The module enrollment problem we’ve been discussing requires input from staff, about which combinations of modules students should be able to take, and from students, about which modules each student wants to take. So far we only have a language for the input from staff. In reality the students would probably select modules from some sort of web interface, but for the implementer it would be much easier just to provide a language for their input as well. The simplest such language would have statements which are just lists of modules. The statement “Statistics Algebra”, for example, would have the interpretation “I want to take Statistics and Algebra and nothing else”.

If our language includes all such lists of modules then no parsing is really needed. The lexical analyser, which splits the input into tokens, i.e. module names, does all the work.

There’s another option though. At the point where students are entering their module selections the staff have already entered all the information about allowed combinations. We could define a language consisting of precisely those module lists which are allowed. The information collected from the staff implicitly gives this language a grammar and grammatically correct just means allowed by the module selection rules. Of course any change to those rules gives us a new language.

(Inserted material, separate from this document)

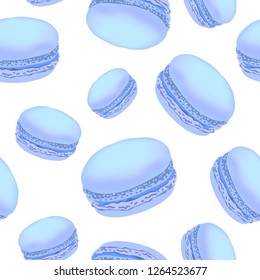 Seamless pattern with colorful macaroon cookies on white background.
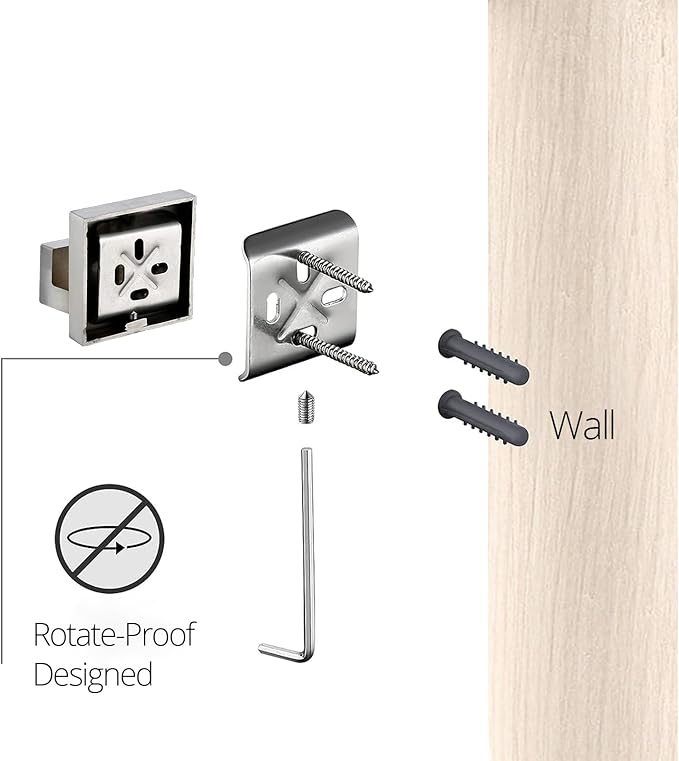 BAGNOLUX Bathroom Hardware Set 4 Pieces, Bath Towel Holder Set SUS304 Stainless Steel, Towel Bar Rack Set for Wall Mounted, Square Bathroom Accessories Set Fixture Heavy Duty Brushed Nickel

What sort of language is this? It turns out to be regular. It is possible to create a finite state automaton which recognises it. In fact the example of a finite state automaton I gave you earlier is essentially the one which enforces the rule “Probability ∧ Statistics ∨ Algebra ∧ Geometry”. I just shortened each of the module names to just their initial letter to avoid clutter in the diagram.

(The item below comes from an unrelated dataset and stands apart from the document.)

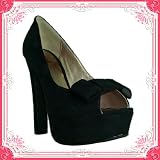 Women's Qupid Black Suede High Heel Peep Toe Pumps (Drama90)
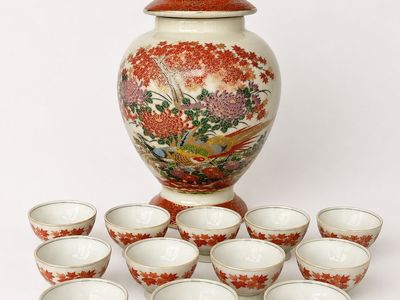 Vintage Japanese Satsuma Moriage Style Ginger Jar with Phoenix & Floral Design and 10 Cups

One way to construct a module enrollment system would be to use the following components:

A parser generator. There are parser generators freely available which efficiently generate efficient parsers so we don’t need to write anything.
A simple lexical analyser. It just needs to distinguish module names from the Boolean operators ∧, ∨ and ¬ so it’s easy to write. It’s helpful if it has an option to throw an error whenever it sees a Boolean operator. That way it can be used, with the option unset, for input from staff entering module selection rules and, with the option set, for input from students selecting modules.
A grammar for the module rule language, which is the same as the language of the propositional calculus, written in the language which the parser generator accepts as input. This is very easy to write since the grammar is very simple.
The parser generated from this grammar. This may be complicated, but it’s generated for you by the parser generator.
A procedure which converts parsed statements to a grammar for the language of module selections for which those statements are true. This is the hardest part and unfortunately is very hard to do efficiently. It’s possible to arrange that the grammar is a regular grammar.
The parser generated by the parser generator from that grammar. Again, this parser will probably be complicated but it’s generated for us by the parser generator. Since the grammar is regular it could generate a finite state machine parser, but might choose not to. The actual parsing isn’t really what’s needed, just the check that the module selection is grammatically correct.

I’m not saying you should construct a module enrollment system this way, merely noting that you can.